Vladislav Markovich Illich-Svitych (Владисла́в Ма́ркович И́ллич-Сви́тыч, also transliterated as Illič-Svityč; 12 September 1934 – 22 August 1966) was a Soviet linguist and accentologist. He was a founding father of comparative Nostratic linguistics and the Moscow School of Comparative Linguistics.

==Biography==
Of Polish Jewish descent, Illich-Svitych was born in Kyiv. In 1941, he and his parents moved to Chkalov and later to Moscow. His father, Mark Vladislavovich Illich-Svitych (1886–1963), worked as a bookkeeper. His mother, Klara Moiseevna Desner (1901–1955), was chief director of puppet theater in Orenburg.
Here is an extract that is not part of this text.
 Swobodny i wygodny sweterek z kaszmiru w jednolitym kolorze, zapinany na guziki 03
He resuscitated the long-forgotten Nostratic hypothesis, originally proposed by Holger Pedersen in 1903.

==Death==
Vladislav Illich-Svitych died in an automobile accident on 22 August 1966, in the Shchyolkovsky District to the north-east of Moscow. According to the official version, he was embarking on a field trip to collect data on the Hungarian dialects of the Carpathians (which would be south-west of Moscow).
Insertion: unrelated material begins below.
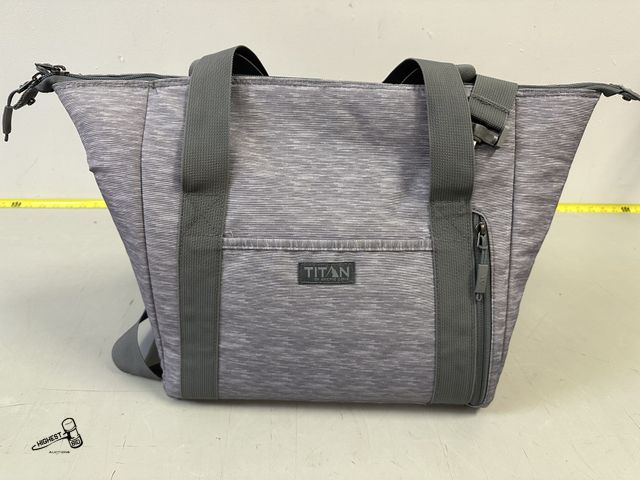 Lot 91-6220 - TITAN INSULATED CARRYALL COOLER BAG - GRAY - KEEPS FOOD FRIDGE COLD FOR UP TO 6 HOURS OR OVEN WARM F...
This version was disputed by Aharon Dolgopolsky, who blamed Soviet bureaucracy for the early death of his young colleague. According to him, as Illich-Svitych was not a Moscow native, he required a special residence permit allowing him to reside in the capital, which, like many Soviet citizens in the 1960s, he was not able to secure. As a result, he had to live in a tiny room in a small village close to the city limits, and commuted to the institute daily by car. According to Dolgopolsky, it was actually on a return trip from the institute that Illich-Svitych had his fatal accident, he presumed from being lost in thought behind the wheel.

His death prevented him from completing the Comparative Dictionary of Nostratic Languages, but the ambitious work was continued by his colleagues, including Sergei Starostin and Vladimir Dybo.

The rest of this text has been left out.